Last year’s harvest in Brazil reached 50.8 million bags while this year is expected to hit 48.6 million, according to the International Coffee Organization.
Best Stock to Buy Today:
With a higher-quality yet affordable alternative in arabica beans, investors may want to consider a company such as Green Mountain Coffee Roasters Inc. (NASDAQ:GMCR) who offers exclusively arabica beans in their products.
Founded in 1981, Green Mountain Coffee is a specialty coffee maker who took the world by storm in the 2000’s when it introduced the Keurig Single Cup brewing system into households around the world.
K-cups have become all the rage, with tens of millions of people now paying per cup of coffee that they brew in their own homes.
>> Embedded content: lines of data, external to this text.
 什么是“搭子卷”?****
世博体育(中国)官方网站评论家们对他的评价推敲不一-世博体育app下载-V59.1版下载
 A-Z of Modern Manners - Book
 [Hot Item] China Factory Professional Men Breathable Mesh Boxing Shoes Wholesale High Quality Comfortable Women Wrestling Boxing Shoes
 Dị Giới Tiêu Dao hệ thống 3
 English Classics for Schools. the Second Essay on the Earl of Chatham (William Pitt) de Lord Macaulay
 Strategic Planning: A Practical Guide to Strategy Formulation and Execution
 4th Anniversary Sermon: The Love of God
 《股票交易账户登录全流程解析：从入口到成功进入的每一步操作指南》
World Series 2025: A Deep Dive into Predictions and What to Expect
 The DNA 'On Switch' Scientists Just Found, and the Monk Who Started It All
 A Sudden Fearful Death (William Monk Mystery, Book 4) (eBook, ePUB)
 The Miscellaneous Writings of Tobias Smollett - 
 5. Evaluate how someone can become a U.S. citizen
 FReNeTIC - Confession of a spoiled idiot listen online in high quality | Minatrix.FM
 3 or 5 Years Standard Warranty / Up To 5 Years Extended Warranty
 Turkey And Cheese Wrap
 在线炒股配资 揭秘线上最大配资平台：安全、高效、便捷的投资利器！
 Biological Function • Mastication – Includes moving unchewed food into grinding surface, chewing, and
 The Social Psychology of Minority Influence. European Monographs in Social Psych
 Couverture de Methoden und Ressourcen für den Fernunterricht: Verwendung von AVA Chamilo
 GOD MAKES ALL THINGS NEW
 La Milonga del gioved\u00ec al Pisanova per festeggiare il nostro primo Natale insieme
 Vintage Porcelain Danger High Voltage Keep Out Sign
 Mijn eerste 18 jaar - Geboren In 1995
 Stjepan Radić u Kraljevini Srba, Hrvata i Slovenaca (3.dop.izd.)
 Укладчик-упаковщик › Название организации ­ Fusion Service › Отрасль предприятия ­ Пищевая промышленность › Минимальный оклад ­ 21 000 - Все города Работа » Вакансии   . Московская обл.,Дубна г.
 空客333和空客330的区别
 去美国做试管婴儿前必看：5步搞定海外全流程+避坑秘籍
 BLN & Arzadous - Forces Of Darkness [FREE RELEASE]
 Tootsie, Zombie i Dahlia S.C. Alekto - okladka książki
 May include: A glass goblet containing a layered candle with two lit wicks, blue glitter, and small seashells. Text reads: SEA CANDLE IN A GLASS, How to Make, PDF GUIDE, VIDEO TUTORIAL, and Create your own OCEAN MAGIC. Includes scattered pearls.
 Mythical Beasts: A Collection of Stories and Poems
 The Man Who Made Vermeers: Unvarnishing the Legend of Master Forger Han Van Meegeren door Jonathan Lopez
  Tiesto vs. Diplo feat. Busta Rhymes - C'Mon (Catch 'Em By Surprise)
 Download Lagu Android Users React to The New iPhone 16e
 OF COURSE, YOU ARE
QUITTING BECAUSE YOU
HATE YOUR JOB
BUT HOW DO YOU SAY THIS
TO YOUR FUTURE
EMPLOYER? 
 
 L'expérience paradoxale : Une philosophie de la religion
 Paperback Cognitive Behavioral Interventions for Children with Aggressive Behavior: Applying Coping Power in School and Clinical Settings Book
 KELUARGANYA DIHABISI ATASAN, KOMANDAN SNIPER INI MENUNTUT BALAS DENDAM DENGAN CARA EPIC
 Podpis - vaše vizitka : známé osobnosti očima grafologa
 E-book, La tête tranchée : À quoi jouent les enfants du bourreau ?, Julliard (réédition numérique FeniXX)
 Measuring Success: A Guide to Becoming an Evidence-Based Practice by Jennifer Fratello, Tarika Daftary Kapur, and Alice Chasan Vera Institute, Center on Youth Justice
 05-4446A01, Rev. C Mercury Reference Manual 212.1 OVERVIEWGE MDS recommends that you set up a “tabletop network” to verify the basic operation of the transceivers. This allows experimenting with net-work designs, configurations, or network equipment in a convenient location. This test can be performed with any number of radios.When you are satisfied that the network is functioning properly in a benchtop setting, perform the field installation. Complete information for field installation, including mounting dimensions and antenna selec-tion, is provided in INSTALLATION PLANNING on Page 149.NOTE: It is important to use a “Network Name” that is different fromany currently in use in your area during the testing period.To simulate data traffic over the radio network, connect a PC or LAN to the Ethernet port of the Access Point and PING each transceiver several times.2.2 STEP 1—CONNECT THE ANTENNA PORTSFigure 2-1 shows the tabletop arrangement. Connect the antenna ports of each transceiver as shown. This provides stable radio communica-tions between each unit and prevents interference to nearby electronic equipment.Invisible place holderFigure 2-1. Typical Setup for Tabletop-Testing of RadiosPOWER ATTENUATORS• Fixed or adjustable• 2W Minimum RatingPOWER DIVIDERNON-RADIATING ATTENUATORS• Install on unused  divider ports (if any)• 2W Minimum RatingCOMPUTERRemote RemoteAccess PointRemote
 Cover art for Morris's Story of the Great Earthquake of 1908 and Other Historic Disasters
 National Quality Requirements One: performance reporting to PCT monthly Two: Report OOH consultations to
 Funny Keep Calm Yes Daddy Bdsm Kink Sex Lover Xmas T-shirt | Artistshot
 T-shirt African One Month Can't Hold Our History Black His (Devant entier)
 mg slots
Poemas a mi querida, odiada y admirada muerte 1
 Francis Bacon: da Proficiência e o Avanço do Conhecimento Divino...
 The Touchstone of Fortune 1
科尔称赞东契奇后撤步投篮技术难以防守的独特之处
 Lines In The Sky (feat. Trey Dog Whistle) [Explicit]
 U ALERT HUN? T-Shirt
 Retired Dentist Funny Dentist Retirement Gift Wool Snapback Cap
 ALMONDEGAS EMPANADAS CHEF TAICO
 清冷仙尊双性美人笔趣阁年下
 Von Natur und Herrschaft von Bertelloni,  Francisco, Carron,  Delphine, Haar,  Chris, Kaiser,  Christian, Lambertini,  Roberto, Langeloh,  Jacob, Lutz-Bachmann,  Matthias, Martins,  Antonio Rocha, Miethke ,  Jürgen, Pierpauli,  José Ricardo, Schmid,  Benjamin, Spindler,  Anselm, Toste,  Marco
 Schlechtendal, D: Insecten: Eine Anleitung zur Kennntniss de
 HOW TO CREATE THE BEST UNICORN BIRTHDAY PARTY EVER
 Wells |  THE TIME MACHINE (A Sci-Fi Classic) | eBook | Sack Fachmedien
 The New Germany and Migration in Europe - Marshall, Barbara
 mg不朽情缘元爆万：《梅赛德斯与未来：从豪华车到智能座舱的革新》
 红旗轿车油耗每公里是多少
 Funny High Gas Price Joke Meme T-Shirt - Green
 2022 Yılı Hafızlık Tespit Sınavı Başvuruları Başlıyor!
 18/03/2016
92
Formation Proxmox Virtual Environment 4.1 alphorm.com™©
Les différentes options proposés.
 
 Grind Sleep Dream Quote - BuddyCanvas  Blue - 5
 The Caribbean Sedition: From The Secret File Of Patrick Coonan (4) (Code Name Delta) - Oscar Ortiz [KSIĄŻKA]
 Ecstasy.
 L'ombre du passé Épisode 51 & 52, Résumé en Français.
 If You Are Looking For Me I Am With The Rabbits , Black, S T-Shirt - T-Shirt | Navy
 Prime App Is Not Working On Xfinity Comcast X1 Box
And the success of K-cups has not lost steam despite a couple of GMCR’s patents expiring late last year which is opening up the doors to more competition.
In fact, it’s fresh off its fifth earnings beat in a row and hit a new 52-week high after NASDAQ announced that the company joined the prestigious NASDAQ-100 market gauge on August 22nd.
Even after Starbucks announced its own single-brew cup and machine system, Verismo last fall, neither GMCR nor Keurig were fazed. Ironically, Starbucks has expanded on its existing partnership with the K-Cup system rather than going full tilt on Verismo.
Increased business from the coffee goliath is only going to mean one thing: more GMCR coffee being sold.
What’s more, GMCR knows that they can’t stand idly by while more competitors come into the fold. That’s why they aren’t content with just their coffee offerings even though their lineup currently boasts some 32 brands and 200 varieties of coffee.
During the Company’s summer quarterly earnings call, they explained that they intend to pursue opportunities in other products including juices, carbonated beverages, sports drinks and enhanced waters.
Needless to say, the doors are wide open for GMCR as they look poised to close out the year on a very profitable note.